I apologize if this is off-topic, but I figured the community here might just be the best one around to help me on this one.

Can I use a Variac that is usually used for 110V , on 220V ?
The one I have is rated for 2000 Watts, and the max that I expect to put through the Varaic
on the 220V is about 600 W.
This is for a test set up on a heater, where I will have a bypass switch that directly connects the heater to the 220V and then after the unit is up to temperature, I want to reduce the amount of power so the unit "idles"  at about 600 - 700 F.
I will be using a non-contact infrared thermometer to measure the temperature.


miro

ps I have equiped all of my machines (2 lathes, and milling machine) with VFDs ad I wouldn't be without one now.
All 3 units are from different makers, and I enjoyed the challenge of figuring each one out.


----------



## awander (Oct 9, 2014)

No, you will burn it up if you put 220VAC into it.


----------



## Walsheng (Oct 9, 2014)

What Andy said.

John


----------



## Andre (Oct 9, 2014)

If you want a pot to mess around with, they are a staple on fleabay. I want to get one for by B'Port single phase 220v motor for fine speed adjustments.
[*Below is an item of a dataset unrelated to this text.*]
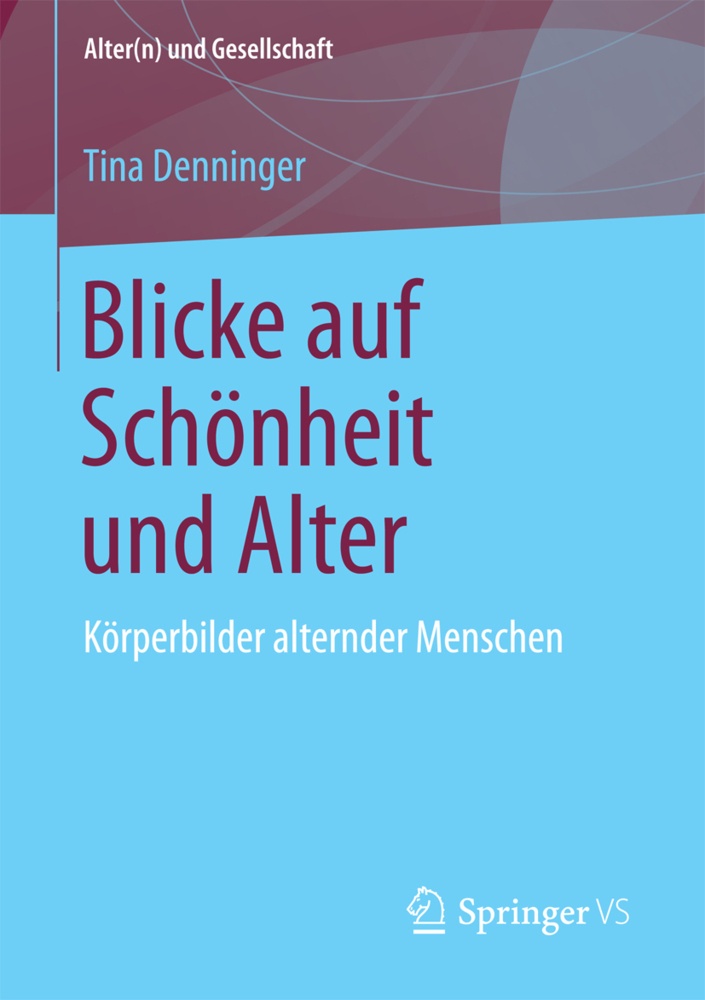 Blicke Auf Schönheit Und Alter - Tina Denninger  Kartoniert (TB)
http://www.ebay.com/sch/i.html?_odk...ontrol&_nkw=220v+motor+speed+control&_sacat=0


----------



## JimDawson (Oct 9, 2014)

awander said:


> No, you will burn it up if you put 220VAC into it.



Agreed, you will kill it.



Andre said:


> If you want a pot to mess around with, they are a staple on fleabay. I want to get one for by B'Port single phase 220v motor for fine speed adjustments.
> 
> http://www.ebay.com/sch/i.html?_odk...ontrol&_nkw=220v+motor+speed+control&_sacat=0



These should work, these are basically light dimmers so they should work fine with a heater.


----------



## cathead (Jan 4, 2015)

Use a 220 volt variac.  I see they are available.


----------